##### Data #####

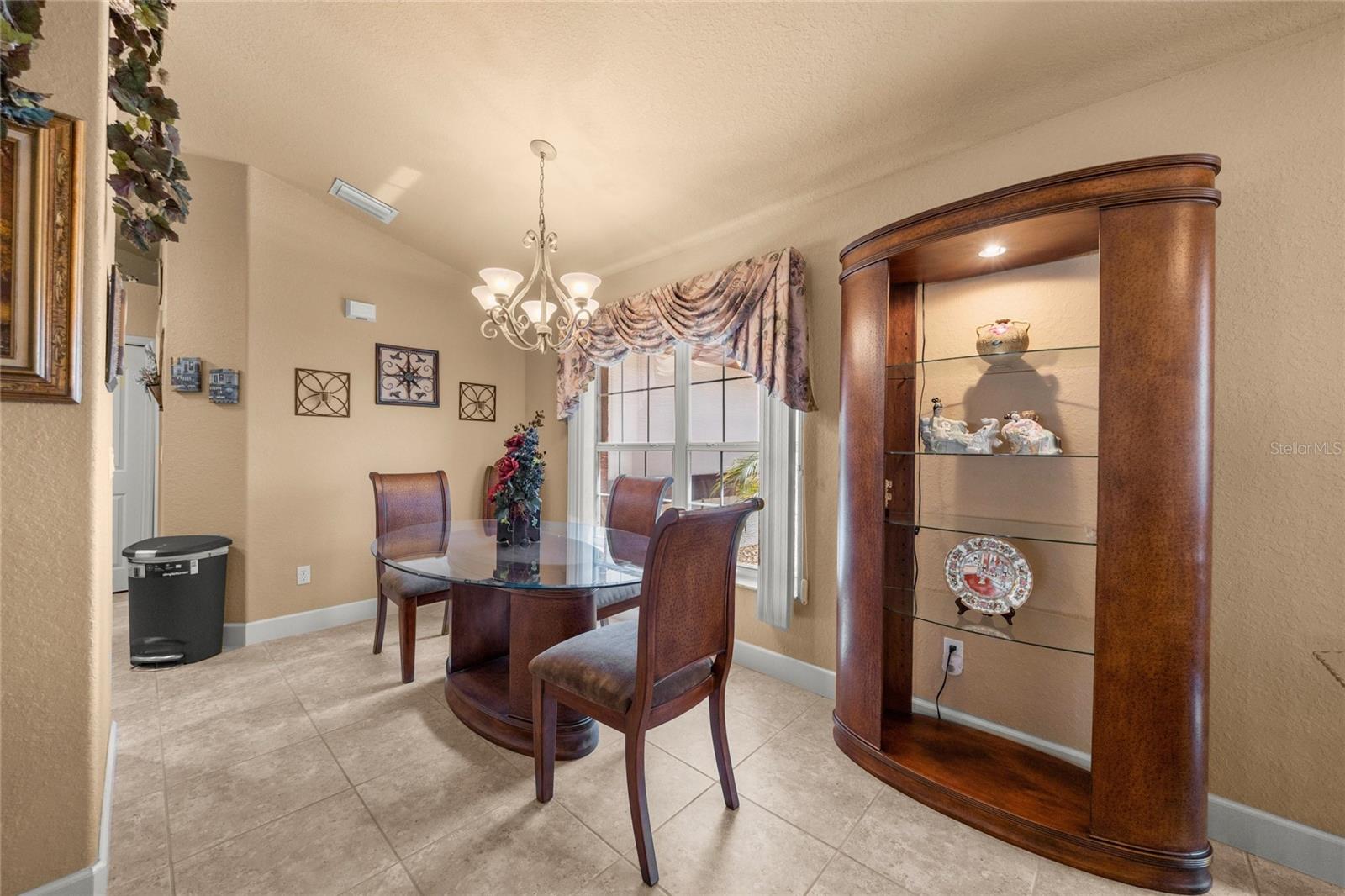 EMERALD POINT - Residential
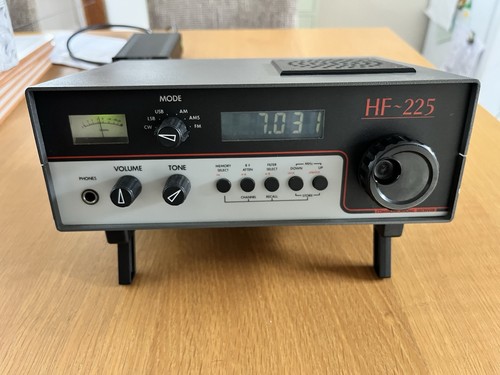 Lowe 225 communications - lowe, hf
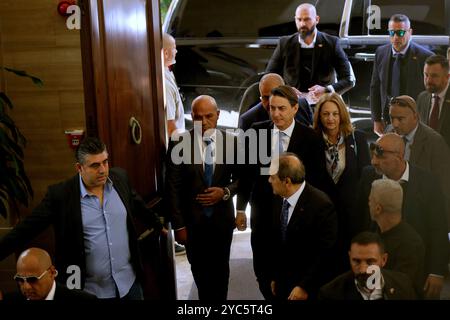 Beirut, Beirut, Libano. 21 ottobre 2024. L'inviato statunitense Amos Hochstein (C), affiancato da guardie del corpo, arriva per incontrare il presidente libanese del Parlamento Nabih Berri durante la sua visita a Beirut. Hochstein ha tenuto colloqui con funzionari libanesi a Beirut sulle condizioni per un cessate il fuoco tra Israele e Hezbollah filo-iraniano dopo che Israele ha colpito filiali in Libano di un istituto finanziario collegato al gruppo. Crediti: ZUMA Press, Inc./Alamy Live News Foto Stock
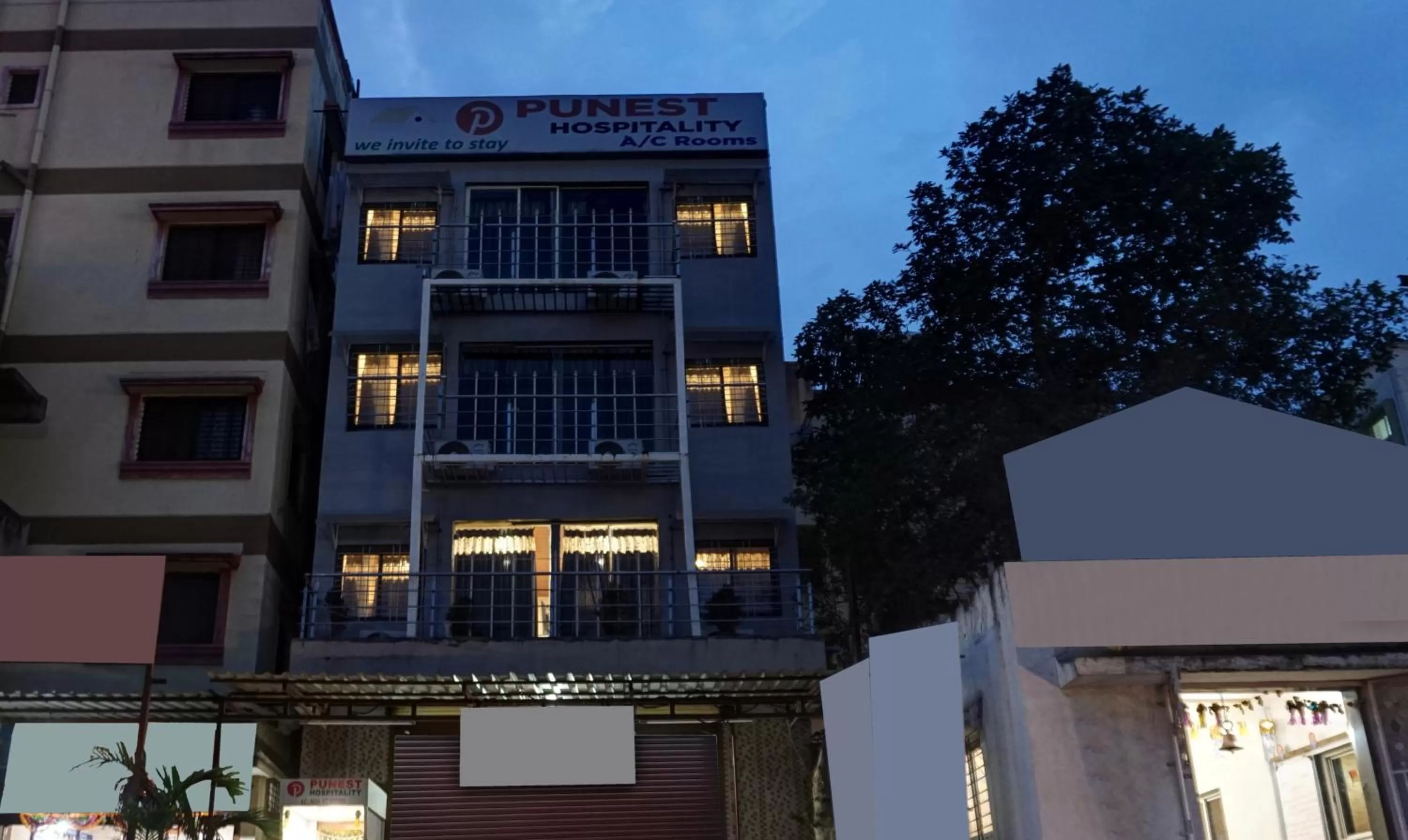 Facade/entrance, Property Building in Itsy By Treebo - Punest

#####

What you will do: When copying the listing, skip the pictures and keep each line exactly as written.

Response:
 EMERALD POINT - Residential
 Lowe 225 communications - lowe, hf
 Beirut, Beirut, Libano. 21 ottobre 2024. L'inviato statunitense Amos Hochstein (C), affiancato da guardie del corpo, arriva per incontrare il presidente libanese del Parlamento Nabih Berri durante la sua visita a Beirut. Hochstein ha tenuto colloqui con funzionari libanesi a Beirut sulle condizioni per un cessate il fuoco tra Israele e Hezbollah filo-iraniano dopo che Israele ha colpito filiali in Libano di un istituto finanziario collegato al gruppo. Crediti: ZUMA Press, Inc./Alamy Live News Foto Stock
 Facade/entrance, Property Building in Itsy By Treebo - Punest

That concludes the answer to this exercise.